── DATA SECTION
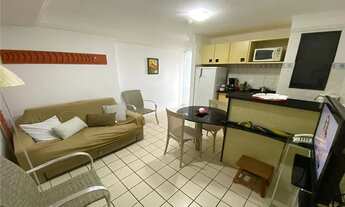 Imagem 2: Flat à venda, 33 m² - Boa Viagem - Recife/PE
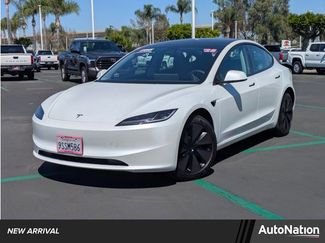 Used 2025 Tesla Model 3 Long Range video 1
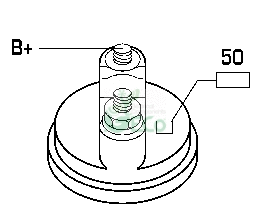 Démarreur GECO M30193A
────
(WORK REQUIRED): Only the pictures are to be left out, and all of the data must otherwise be transcribed exactly.

(EXERCISE OUTPUT):
 Imagem 2: Flat à venda, 33 m² - Boa Viagem - Recife/PE
 Used 2025 Tesla Model 3 Long Range video 1
 Démarreur GECO M30193A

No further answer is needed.